Seuss wanted to kick Hitler's ass
July 31, 2003 1:42 PM   Subscribe

Dr. Seuss, politcal cartoonist. Before the Cat strode in wearing a Hat, and before Horton heard a Who, Dr. Seuss drew for a liberal New York newspaper called PM. Through most of 1941 he drew images that criticized isolationists who thought we could sit out the war. He already had developed his idiosyncratic style, and the University of California at San Diego has all 400 of his PM cartoons on its site. Here's what he drew Dec. 5, 1941, and this is his cartoon of Dec. 8. Later in the war, he wrote scripts for 28 "Private Snafu" animated cartoons, which taught servicemen what not to do.
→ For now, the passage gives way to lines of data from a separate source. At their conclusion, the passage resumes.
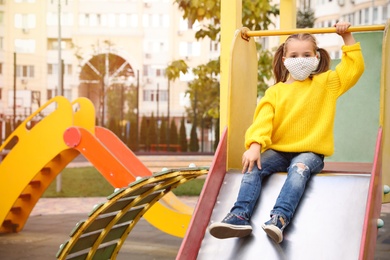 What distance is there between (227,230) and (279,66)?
52.3 inches

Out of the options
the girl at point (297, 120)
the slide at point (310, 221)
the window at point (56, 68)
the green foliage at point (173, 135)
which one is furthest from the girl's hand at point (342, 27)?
the window at point (56, 68)

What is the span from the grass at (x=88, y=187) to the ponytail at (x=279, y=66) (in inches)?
333

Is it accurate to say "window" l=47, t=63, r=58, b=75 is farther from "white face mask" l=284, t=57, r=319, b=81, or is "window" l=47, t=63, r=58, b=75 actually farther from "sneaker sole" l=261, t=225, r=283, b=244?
"sneaker sole" l=261, t=225, r=283, b=244

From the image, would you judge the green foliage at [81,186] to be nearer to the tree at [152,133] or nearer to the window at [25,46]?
the tree at [152,133]

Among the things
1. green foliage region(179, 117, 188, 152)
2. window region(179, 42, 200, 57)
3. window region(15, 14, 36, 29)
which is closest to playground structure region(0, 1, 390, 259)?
green foliage region(179, 117, 188, 152)

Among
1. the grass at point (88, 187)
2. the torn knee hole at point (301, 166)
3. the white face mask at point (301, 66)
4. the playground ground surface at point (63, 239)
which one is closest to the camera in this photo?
the torn knee hole at point (301, 166)

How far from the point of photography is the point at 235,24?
16.9 feet

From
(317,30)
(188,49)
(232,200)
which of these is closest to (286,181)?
(232,200)

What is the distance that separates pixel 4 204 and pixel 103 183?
7.15m

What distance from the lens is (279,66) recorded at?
442 centimetres

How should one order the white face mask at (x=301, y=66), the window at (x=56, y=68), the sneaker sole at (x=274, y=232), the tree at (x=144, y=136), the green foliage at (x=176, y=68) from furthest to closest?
the window at (x=56, y=68) → the tree at (x=144, y=136) → the green foliage at (x=176, y=68) → the white face mask at (x=301, y=66) → the sneaker sole at (x=274, y=232)

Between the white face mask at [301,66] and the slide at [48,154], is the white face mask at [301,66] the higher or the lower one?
the higher one

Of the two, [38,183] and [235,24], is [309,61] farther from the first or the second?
[38,183]

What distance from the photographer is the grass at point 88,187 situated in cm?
1289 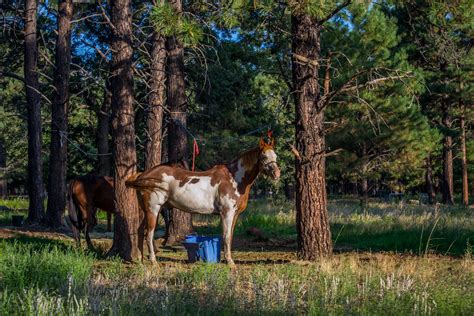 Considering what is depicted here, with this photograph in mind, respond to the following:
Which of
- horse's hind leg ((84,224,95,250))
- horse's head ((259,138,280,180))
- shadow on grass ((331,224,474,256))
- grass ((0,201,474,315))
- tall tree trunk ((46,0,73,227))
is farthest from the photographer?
tall tree trunk ((46,0,73,227))

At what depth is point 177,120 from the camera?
14.1m

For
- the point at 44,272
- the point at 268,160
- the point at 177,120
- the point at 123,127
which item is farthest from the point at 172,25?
the point at 177,120

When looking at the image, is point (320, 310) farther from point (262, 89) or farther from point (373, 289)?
point (262, 89)

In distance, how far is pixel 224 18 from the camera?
9.42m

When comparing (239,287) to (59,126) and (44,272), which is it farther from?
(59,126)

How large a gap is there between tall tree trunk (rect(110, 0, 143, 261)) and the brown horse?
7.97 ft

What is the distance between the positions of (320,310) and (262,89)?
2311 centimetres

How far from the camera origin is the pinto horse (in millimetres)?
10492

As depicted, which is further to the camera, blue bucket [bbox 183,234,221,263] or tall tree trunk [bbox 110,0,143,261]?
tall tree trunk [bbox 110,0,143,261]

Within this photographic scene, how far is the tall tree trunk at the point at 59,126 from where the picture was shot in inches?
747

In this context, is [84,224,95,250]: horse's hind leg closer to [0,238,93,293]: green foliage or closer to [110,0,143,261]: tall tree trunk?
[110,0,143,261]: tall tree trunk

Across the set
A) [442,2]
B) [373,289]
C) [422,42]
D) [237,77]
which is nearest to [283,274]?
[373,289]

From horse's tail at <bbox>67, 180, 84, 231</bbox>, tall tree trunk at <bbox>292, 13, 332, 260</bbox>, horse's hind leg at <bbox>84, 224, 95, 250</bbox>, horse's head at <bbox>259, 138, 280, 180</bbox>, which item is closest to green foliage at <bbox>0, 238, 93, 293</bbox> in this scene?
horse's head at <bbox>259, 138, 280, 180</bbox>

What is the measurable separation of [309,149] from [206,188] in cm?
190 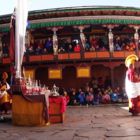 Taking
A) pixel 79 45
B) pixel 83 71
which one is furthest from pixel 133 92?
pixel 79 45

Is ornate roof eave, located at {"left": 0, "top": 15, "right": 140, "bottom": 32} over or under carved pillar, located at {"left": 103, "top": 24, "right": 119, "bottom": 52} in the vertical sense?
over

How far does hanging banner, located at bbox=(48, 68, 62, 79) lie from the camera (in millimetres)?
30094

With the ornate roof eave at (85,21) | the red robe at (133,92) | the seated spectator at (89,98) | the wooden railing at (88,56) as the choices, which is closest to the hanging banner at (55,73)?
the wooden railing at (88,56)

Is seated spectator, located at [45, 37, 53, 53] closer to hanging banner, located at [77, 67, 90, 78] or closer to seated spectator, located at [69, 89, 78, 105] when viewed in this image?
hanging banner, located at [77, 67, 90, 78]

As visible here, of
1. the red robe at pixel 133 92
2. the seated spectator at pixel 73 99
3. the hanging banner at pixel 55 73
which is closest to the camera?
the red robe at pixel 133 92

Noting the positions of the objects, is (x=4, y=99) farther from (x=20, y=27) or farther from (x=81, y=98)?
(x=81, y=98)

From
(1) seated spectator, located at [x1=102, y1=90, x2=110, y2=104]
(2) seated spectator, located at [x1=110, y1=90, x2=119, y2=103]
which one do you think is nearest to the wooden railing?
(2) seated spectator, located at [x1=110, y1=90, x2=119, y2=103]

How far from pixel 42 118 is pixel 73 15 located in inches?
723

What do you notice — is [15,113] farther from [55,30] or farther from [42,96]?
[55,30]

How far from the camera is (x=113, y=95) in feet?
89.1

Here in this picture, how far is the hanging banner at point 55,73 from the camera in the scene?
98.7ft

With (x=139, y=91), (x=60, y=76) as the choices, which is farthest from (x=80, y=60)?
(x=139, y=91)

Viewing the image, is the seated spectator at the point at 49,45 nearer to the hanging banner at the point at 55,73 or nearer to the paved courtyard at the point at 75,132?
the hanging banner at the point at 55,73

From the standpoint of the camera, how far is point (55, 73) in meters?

Some were directed by Chuck Jones.
posted by Holden (42 comments total) 1 user marked this as a favorite
 
Wow, I am disappointed. I never would have suspected I would have such a negative reaction to some Dr. Seuss drawings, nor would I have thought of him as a hawk.

Something new everyday.
posted by thirteen at 2:02 PM on July 31, 2003


Aaargh! That should be "political" cartoonist...
posted by Holden at 2:02 PM on July 31, 2003


There's a published collection of these. One of my favorite terrible Amazon reviews is about it. It's the last review on the page and it's made me laugh for years. Yerfatma found it four years ago and he's probably forgotten about it.
posted by Mayor Curley at 2:11 PM on July 31, 2003


Thanks, Holden, I had heard about these, but it's good to finally see them. I would caution people like the reviewer Mayor Curley pointed to that the cartoons should be viewed in the context of the standards of editorial cartooning at the time. Seuss was just part of the mass of cartoonists who used what we now consider racist imagery to depict the enemy. Those who avoided such stereotypes were the exception, not the rule. What Seuss may have been alone in was his insistence on uncle sam as a gawky stork-lookin' eagle... a harbinger of his future proclivities...
posted by soyjoy at 2:43 PM on July 31, 2003


Wow, I am disappointed. I never would have suspected I would have such a negative reaction to some Dr. Seuss drawings, nor would I have thought of him as a hawk.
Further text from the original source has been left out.